В первый вечер праздника есть традиция всю ночь учить Тору, чтобы снова принять слово Всевышнего в годовщину ее дарования. Но мы этого не делали. Это касалось мужчин; и кто-то ведь должен был подать им завтрак на следующее утро. Но в этом году Мими объявила, что проведет занятие для женщин. Мы почти не говорили с ней после отъезда Йосефа. Миссис Леви как-то видела их на улице с Бат-Шевой, обе почти одного роста, обе стройно сложены, так что со спины их можно было принять за сестер. Но с нами Мими почти не общалась. Она ни в коем случае не была невежлива, непременно здоровалась при встрече – и все же явно отдалилась от нас.
Без Мими мы были потеряны, толпа без предводителя и дороги, как евреи в пустыне, бесцельно блуждающие в поисках недостижимого прибежища. Мы очень обрадовались, услышав про занятие с Мими, мы надеялись, это знак того, что она возвращается к нам. Мы хотели бы вернуть все, как было прежде. Но как бы нам ни хотелось, мы понимали, что уже слишком поздно. Столько всего произошло за последний год, что нелепо было притворяться, будто община заживет прежней жизнью.

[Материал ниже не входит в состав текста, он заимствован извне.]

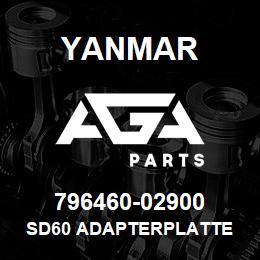 796460-02900 Yanmar SD60 Adapterplatte | AGA Parts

В синагоге весь бейт мидраш был занят нашими мужьями и сыновьями. Они изучали Тору в парах, прерываясь только на чашку кофе с печеньем, которые накрыли для них на столе женщины из общины, чтобы все могли заниматься до поздней ночи. Мими собирала нас в маленькой комнатке сбоку, и мы все расселись и ждали начала.

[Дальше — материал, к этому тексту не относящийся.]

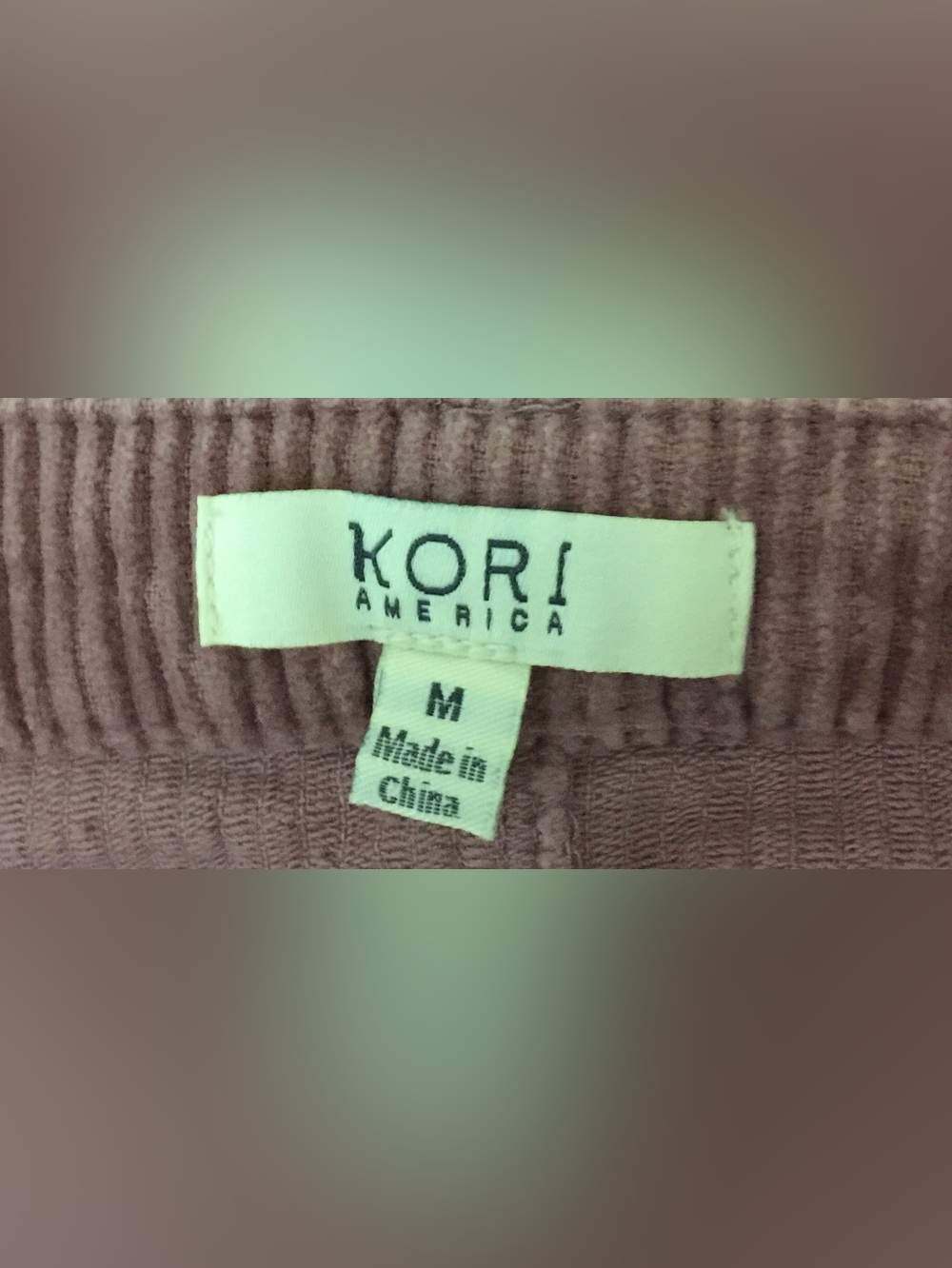 Kori America Women’s Rose Pink 100% Cotton Corduroy Mini Skirt Size M - Picture 7 of 8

Бат-Шева тоже пришла и устроилась в первом ряду. Мы видели ее в эти дни, но никто так и не заговорил с ней; а что тут скажешь? Аяла спала, свернувшись у нее на коленях. По сторонам от Бат-Шевы сидели Леанна Цукерман и Наоми Айзенберг и несколько девочек-старшеклассниц, чуть дальше – Илана, Хадасса и Нехама. Бат-Шева оглядывала комнату без всякой злости или неловкости. Она вообще смотрела поверх нас. С Леанной, Наоми и девочками она создала отдельную общину, маленькую, но свою.

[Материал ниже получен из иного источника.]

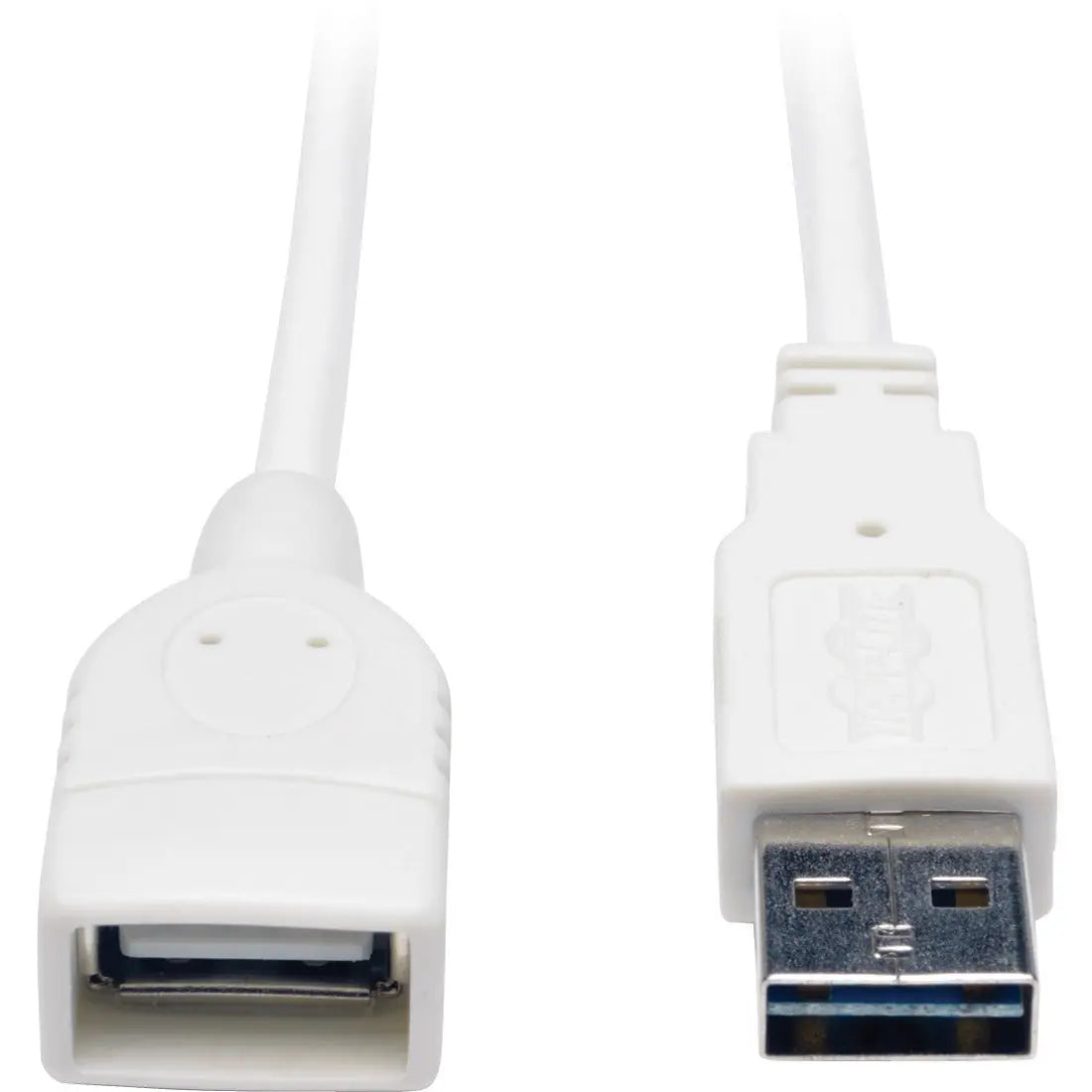 Tripp Lite 3ft USB 2.0 High Speed Extension Cable Reversible A to A M/F White - USB - Extension Cable - 3 ft - 1 x Type A Male USB - 1 x Type A Female USB - Gold-plated Contacts, Nickel Plated - Shiel...  - UR024-003-WH EATON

Мими стояла перед нами. Лицо горело решимостью; она больше не выглядела нежной и ранимой. Она подготовила урок по книге Руфи, которую читают в синагоге на второй день праздника. Мы хорошо знали эту историю, но редко над ней задумывались; ей не отводилось такого внимания, как Моисееву Пятикнижию.
Мими начала с пересказа истории: во времена правления судей на Землю Израиля обрушился голод, и Элимелех и Наоми отправились в землю Моавитскую, где их сыновья женились на моавитянках Руфи и Орфе. Они жили в согласии до самой смерти Элимелеха, но вскоре нежданно умерли и оба сына. И женщины, оставшись одни, отправились обратно. В пути Наоми умоляла своих невесток вернуться в свою землю, к своему народу. И Орфа попрощалась и пустилась домой. Но Руфь не бросила свою свекровь. «Куда ты пойдешь, туда и я пойду, – сказала она. – Твой народ будет моим народом». Когда добрались они до Израиля, город пришел в движение: это ли Наоми, что жила в достатке, возвращается с пустыми руками? И что это за моавитянка вместе с нею? И Наоми закричала, что пришла ни с чем, что испытала несчастья и горести.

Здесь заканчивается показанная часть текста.